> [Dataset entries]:
####################

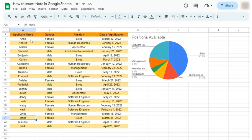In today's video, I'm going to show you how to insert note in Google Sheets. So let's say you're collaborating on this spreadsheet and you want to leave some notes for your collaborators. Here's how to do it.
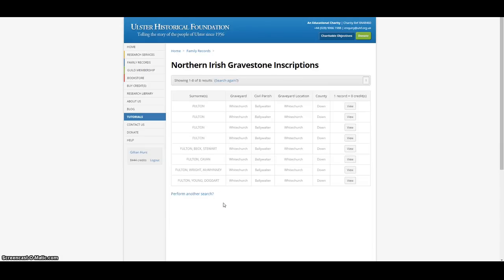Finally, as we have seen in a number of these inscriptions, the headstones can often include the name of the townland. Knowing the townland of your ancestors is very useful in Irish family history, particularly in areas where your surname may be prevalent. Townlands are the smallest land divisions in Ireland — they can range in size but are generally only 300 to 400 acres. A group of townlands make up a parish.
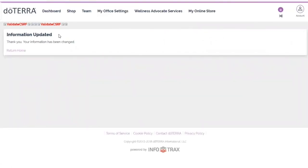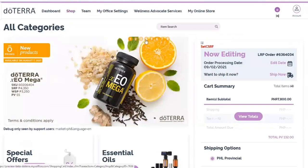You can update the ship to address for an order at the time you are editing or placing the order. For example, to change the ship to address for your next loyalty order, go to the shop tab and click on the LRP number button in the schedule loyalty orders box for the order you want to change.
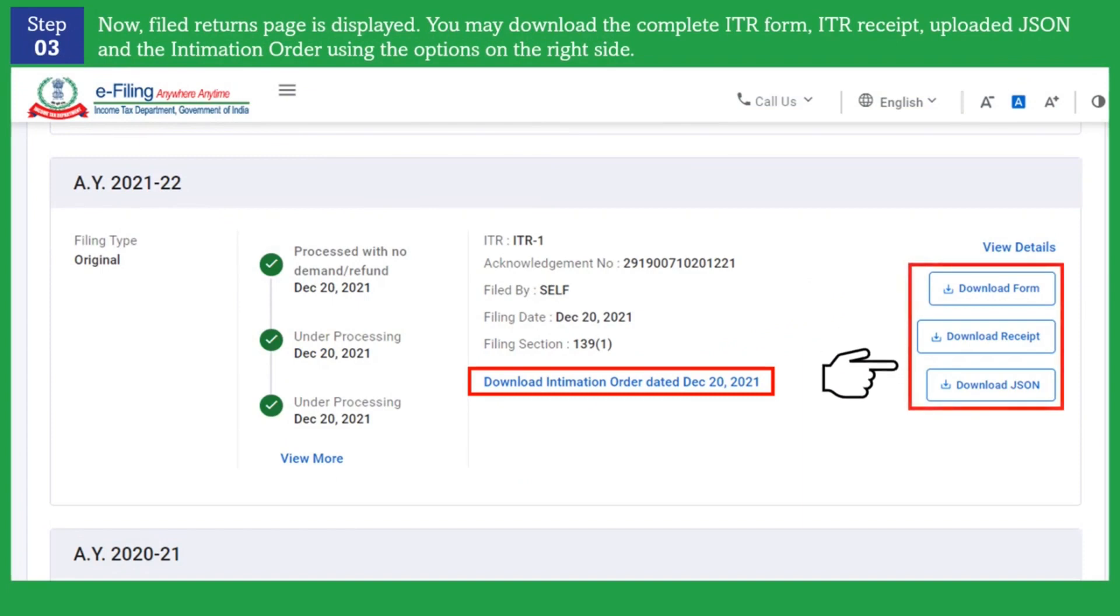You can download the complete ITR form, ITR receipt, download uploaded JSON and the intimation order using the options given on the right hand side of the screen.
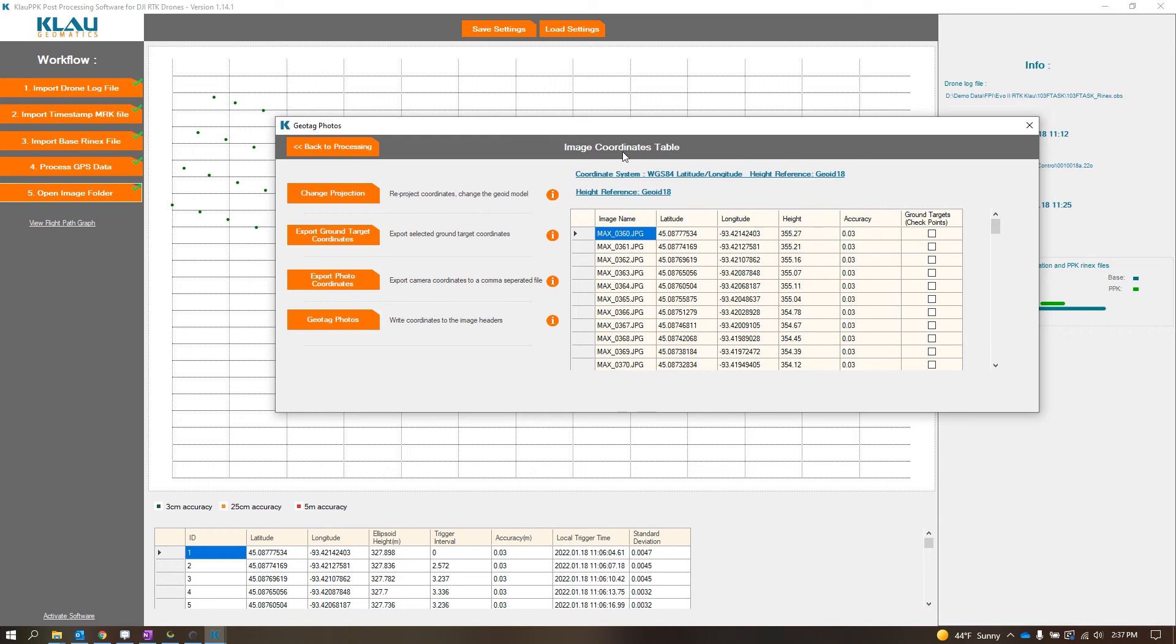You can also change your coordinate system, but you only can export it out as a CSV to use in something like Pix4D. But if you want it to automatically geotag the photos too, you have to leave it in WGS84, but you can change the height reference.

####################

Return each record as written, minus its images.

> [Output of the task]:
In today's video, I'm going to show you how to insert note in Google Sheets. So let's say you're collaborating on this spreadsheet and you want to leave some notes for your collaborators. Here's how to do it.
Finally, as we have seen in a number of these inscriptions, the headstones can often include the name of the townland. Knowing the townland of your ancestors is very useful in Irish family history, particularly in areas where your surname may be prevalent. Townlands are the smallest land divisions in Ireland — they can range in size but are generally only 300 to 400 acres. A group of townlands make up a parish.
You can update the ship to address for an order at the time you are editing or placing the order. For example, to change the ship to address for your next loyalty order, go to the shop tab and click on the LRP number button in the schedule loyalty orders box for the order you want to change.
You can download the complete ITR form, ITR receipt, download uploaded JSON and the intimation order using the options given on the right hand side of the screen.
You can also change your coordinate system, but you only can export it out as a CSV to use in something like Pix4D. But if you want it to automatically geotag the photos too, you have to leave it in WGS84, but you can change the height reference.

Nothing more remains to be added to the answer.